本連載は「エレクトロニクス実装技術」2014年10月号の記事を転載しています。
2014年6月に「PCI Express」の規格を作成しているPCI-SIGが主催するPCI-SIG Developers Conference 2014がアメリカのサンタクララ・コンベンションセンターで開催されました。
ここで、ここ数年話題になっていた「PCI Express Gen4」についての技術が発表されました。
このPCI Express Gen4は現在、技術評価もほぼ終わり、2014年年末から2015年の前半に規格を発表する予定になっています(「エレクトロニクス実装技術」2014年10月号発行時点)。
この新しい規格について説明する前に、PCI Express規格について簡単に説明します。
PCI Expressは2002年にPCI-SIGによって最初の規格Gen1が発表されたバス規格です。1991年にインテルが発表したPCIバスは32/64ビットのデータを並列で転送する並列データバスで、ほぼ全てのコンピュータに採用されました(図1)。
PCIバスは転送速度を上げたり、5.0Vロジックから3.3Vロジックに電圧を拡張したりしたことで、1.0から3.0までバージョンアップしました。またさらに高速化したPCI-X規格も策定されました。
しかし、多くの並列データを同期させて転送する並列転送バスではデータの同期が困難で、高速化が頭打ちになってしまいました。バスの転送速度はクロック速度と1クロックで並列に転送するビット幅の積になります(図2)。
高速並列バスでは、ビット幅を大きくすると、同期を取るためにクロック速度を下げなければなりません。また、クロック速度を上げるためには、ビット幅を少なくしなければなりません(図3)。
結果として、並列バスでは、これ以上の高速化対応が困難になってなってしまいました。メモリバスは並列で非常に高速ですが、これは4/8ビットと比較的に小さいビット数で転送しています。しかもメモリバスは配線をできるだけ短くして配線しています。
しかし、どのようなコンピュータやインタフェースカードに接続される汎用データバスでも、規格で配線長さを短く制限してしまっては、設計が難しくなり、規格が普及しません。このため、配線長の制限を緩和し、誰でも安い基板を作れるような規格にする必要があります。
並列バスのデータ転送速度が誰でも設計、製造できる条件で、これ以上高速化するのが困難になり、直列転送方式が浮上しました。
新しい直列転送方式ではデータとクロックを変調をかけて同じ1ビットで送り、受け側で、データからクロックを生成し同期を取ってデータを受信します(図4)。
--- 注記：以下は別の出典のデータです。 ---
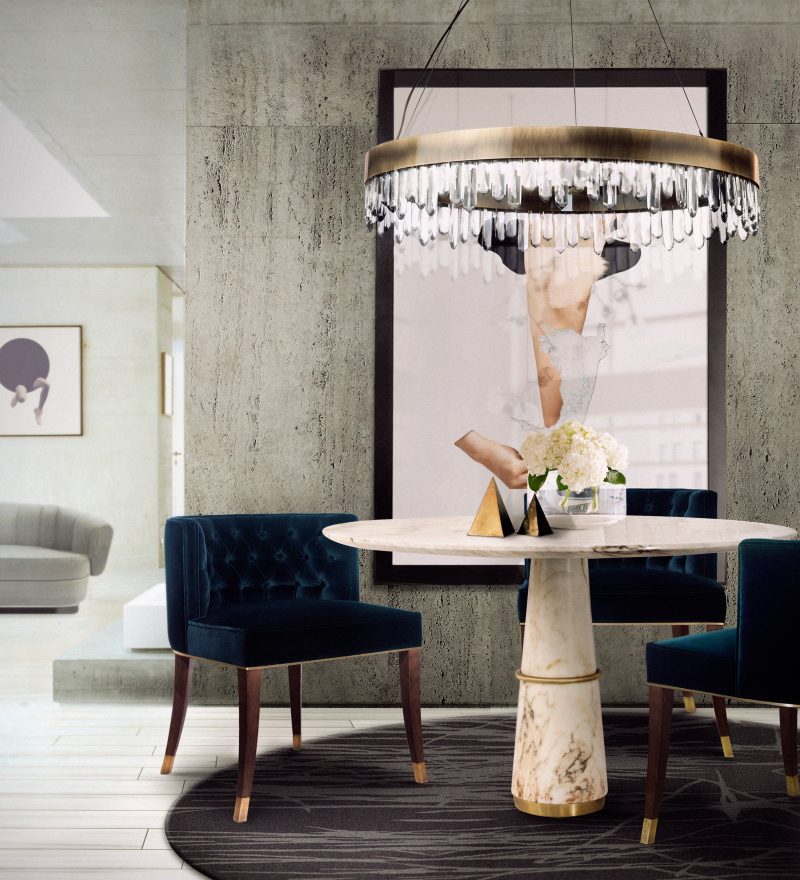 modern contemporary dining room with round black rug and velvet dining chair with round Agra rug and suspension lights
このため、非常に高速にデータを転送することができます。
実際、並列バスのPCI-Xバスでは133MHzのクロックでしたが、少し前に規格化された直列の「PCI Express Gen1」では1.25GHzで、10倍近い速度になっています。しかし、並列バスでは8ビット並列で同程度、16ビット並列にすれば、直列転送方式よりも早くデータが転送できます。このため、PCI Expressでは直列伝送回路(「レーン」と呼びます)を4本・8本・16本と並列に並べ、転送速度を高速化しています。
例えば、8ビットの並列バスと8レーンの直転送を比べてみます。8ビットの並列バスでは1クロックで1バイト(8ビット)のデータが送れます。8クロックでは8バイトのデータが送れます(図5)。
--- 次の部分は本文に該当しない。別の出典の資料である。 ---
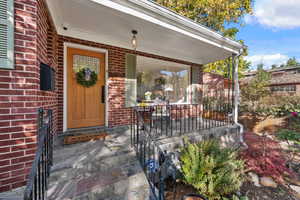 Covered front porch perfect for enjoying sunrises or people watching.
8レーンの直列バスでは1クロックでは8つのデータの最初の1ビットだけ送られ、バイトデータの転送は終わっていません。8クロック目のデータが送られてはじめて、8レーンのデータにおのおののバイトデータの転送が終了します。
つまり、直列方式では、8クロック単位でで8バイトのデータを送ります。並列バスはリアルタイム転送ですが、直列転送はパケット転送になります。